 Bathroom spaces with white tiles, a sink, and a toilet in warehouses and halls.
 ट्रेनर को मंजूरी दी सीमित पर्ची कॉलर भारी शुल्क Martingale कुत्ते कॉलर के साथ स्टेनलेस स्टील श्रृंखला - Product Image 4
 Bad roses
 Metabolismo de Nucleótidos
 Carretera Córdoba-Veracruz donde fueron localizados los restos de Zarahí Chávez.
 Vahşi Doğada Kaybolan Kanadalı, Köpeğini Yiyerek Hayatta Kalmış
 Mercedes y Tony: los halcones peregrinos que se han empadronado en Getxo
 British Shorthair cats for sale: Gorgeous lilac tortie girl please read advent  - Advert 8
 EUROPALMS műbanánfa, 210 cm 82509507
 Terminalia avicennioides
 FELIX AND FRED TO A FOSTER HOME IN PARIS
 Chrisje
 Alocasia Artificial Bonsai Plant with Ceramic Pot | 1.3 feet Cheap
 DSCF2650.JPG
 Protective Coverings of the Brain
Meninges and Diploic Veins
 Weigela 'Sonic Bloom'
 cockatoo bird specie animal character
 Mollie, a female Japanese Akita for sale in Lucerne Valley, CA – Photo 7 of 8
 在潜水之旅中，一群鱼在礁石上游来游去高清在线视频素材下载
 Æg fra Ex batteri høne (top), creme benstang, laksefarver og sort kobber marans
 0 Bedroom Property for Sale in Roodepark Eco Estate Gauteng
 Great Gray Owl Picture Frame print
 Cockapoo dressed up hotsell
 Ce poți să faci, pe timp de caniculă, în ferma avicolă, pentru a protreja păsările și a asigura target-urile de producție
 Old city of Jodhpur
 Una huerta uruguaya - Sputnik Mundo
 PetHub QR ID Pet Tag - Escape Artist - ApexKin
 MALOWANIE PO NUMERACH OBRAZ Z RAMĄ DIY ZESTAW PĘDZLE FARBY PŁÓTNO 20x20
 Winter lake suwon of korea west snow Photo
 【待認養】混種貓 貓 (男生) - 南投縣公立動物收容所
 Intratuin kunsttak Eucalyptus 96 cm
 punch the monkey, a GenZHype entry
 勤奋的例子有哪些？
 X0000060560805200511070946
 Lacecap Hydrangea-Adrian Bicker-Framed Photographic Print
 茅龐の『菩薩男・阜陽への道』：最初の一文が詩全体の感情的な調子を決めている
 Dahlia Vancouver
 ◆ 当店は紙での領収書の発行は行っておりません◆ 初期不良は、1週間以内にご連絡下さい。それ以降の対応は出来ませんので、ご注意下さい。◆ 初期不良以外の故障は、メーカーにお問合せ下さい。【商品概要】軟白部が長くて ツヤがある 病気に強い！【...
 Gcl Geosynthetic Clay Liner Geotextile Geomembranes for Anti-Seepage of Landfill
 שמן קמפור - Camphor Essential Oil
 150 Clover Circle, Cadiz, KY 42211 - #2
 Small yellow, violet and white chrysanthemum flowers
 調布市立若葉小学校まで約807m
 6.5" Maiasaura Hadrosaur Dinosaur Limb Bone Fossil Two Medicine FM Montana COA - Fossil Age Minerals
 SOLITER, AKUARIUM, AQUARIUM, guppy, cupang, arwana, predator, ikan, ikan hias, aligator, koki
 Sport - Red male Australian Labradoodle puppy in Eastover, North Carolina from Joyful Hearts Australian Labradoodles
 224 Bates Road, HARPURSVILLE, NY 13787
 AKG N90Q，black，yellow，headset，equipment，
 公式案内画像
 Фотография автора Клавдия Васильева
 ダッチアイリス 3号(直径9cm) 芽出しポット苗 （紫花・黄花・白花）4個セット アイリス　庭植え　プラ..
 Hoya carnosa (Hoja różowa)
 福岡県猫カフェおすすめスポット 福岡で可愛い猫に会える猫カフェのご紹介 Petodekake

* What the task requires *
Without leaving anything out, output all of the material exactly.

* Output for this task *
 Bathroom spaces with white tiles, a sink, and a toilet in warehouses and halls.
 ट्रेनर को मंजूरी दी सीमित पर्ची कॉलर भारी शुल्क Martingale कुत्ते कॉलर के साथ स्टेनलेस स्टील श्रृंखला - Product Image 4
 Bad roses
 Metabolismo de Nucleótidos
 Carretera Córdoba-Veracruz donde fueron localizados los restos de Zarahí Chávez.
 Vahşi Doğada Kaybolan Kanadalı, Köpeğini Yiyerek Hayatta Kalmış
 Mercedes y Tony: los halcones peregrinos que se han empadronado en Getxo
 British Shorthair cats for sale: Gorgeous lilac tortie girl please read advent  - Advert 8
 EUROPALMS műbanánfa, 210 cm 82509507
 Terminalia avicennioides
 FELIX AND FRED TO A FOSTER HOME IN PARIS
 Chrisje
 Alocasia Artificial Bonsai Plant with Ceramic Pot | 1.3 feet Cheap
 DSCF2650.JPG
 Protective Coverings of the Brain
Meninges and Diploic Veins
 Weigela 'Sonic Bloom'
 cockatoo bird specie animal character
 Mollie, a female Japanese Akita for sale in Lucerne Valley, CA – Photo 7 of 8
 在潜水之旅中，一群鱼在礁石上游来游去高清在线视频素材下载
 Æg fra Ex batteri høne (top), creme benstang, laksefarver og sort kobber marans
 0 Bedroom Property for Sale in Roodepark Eco Estate Gauteng
 Great Gray Owl Picture Frame print
 Cockapoo dressed up hotsell
 Ce poți să faci, pe timp de caniculă, în ferma avicolă, pentru a protreja păsările și a asigura target-urile de producție
 Old city of Jodhpur
 Una huerta uruguaya - Sputnik Mundo
 PetHub QR ID Pet Tag - Escape Artist - ApexKin
 MALOWANIE PO NUMERACH OBRAZ Z RAMĄ DIY ZESTAW PĘDZLE FARBY PŁÓTNO 20x20
 Winter lake suwon of korea west snow Photo
 【待認養】混種貓 貓 (男生) - 南投縣公立動物收容所
 Intratuin kunsttak Eucalyptus 96 cm
 punch the monkey, a GenZHype entry
 勤奋的例子有哪些？
 X0000060560805200511070946
 Lacecap Hydrangea-Adrian Bicker-Framed Photographic Print
 茅龐の『菩薩男・阜陽への道』：最初の一文が詩全体の感情的な調子を決めている
 Dahlia Vancouver
 ◆ 当店は紙での領収書の発行は行っておりません◆ 初期不良は、1週間以内にご連絡下さい。それ以降の対応は出来ませんので、ご注意下さい。◆ 初期不良以外の故障は、メーカーにお問合せ下さい。【商品概要】軟白部が長くて ツヤがある 病気に強い！【...
 Gcl Geosynthetic Clay Liner Geotextile Geomembranes for Anti-Seepage of Landfill
 שמן קמפור - Camphor Essential Oil
 150 Clover Circle, Cadiz, KY 42211 - #2
 Small yellow, violet and white chrysanthemum flowers
 調布市立若葉小学校まで約807m
 6.5" Maiasaura Hadrosaur Dinosaur Limb Bone Fossil Two Medicine FM Montana COA - Fossil Age Minerals
 SOLITER, AKUARIUM, AQUARIUM, guppy, cupang, arwana, predator, ikan, ikan hias, aligator, koki
 Sport - Red male Australian Labradoodle puppy in Eastover, North Carolina from Joyful Hearts Australian Labradoodles
 224 Bates Road, HARPURSVILLE, NY 13787
 AKG N90Q，black，yellow，headset，equipment，
 公式案内画像
 Фотография автора Клавдия Васильева
 ダッチアイリス 3号(直径9cm) 芽出しポット苗 （紫花・黄花・白花）4個セット アイリス　庭植え　プラ..
 Hoya carnosa (Hoja różowa)
 福岡県猫カフェおすすめスポット 福岡で可愛い猫に会える猫カフェのご紹介 Petodekake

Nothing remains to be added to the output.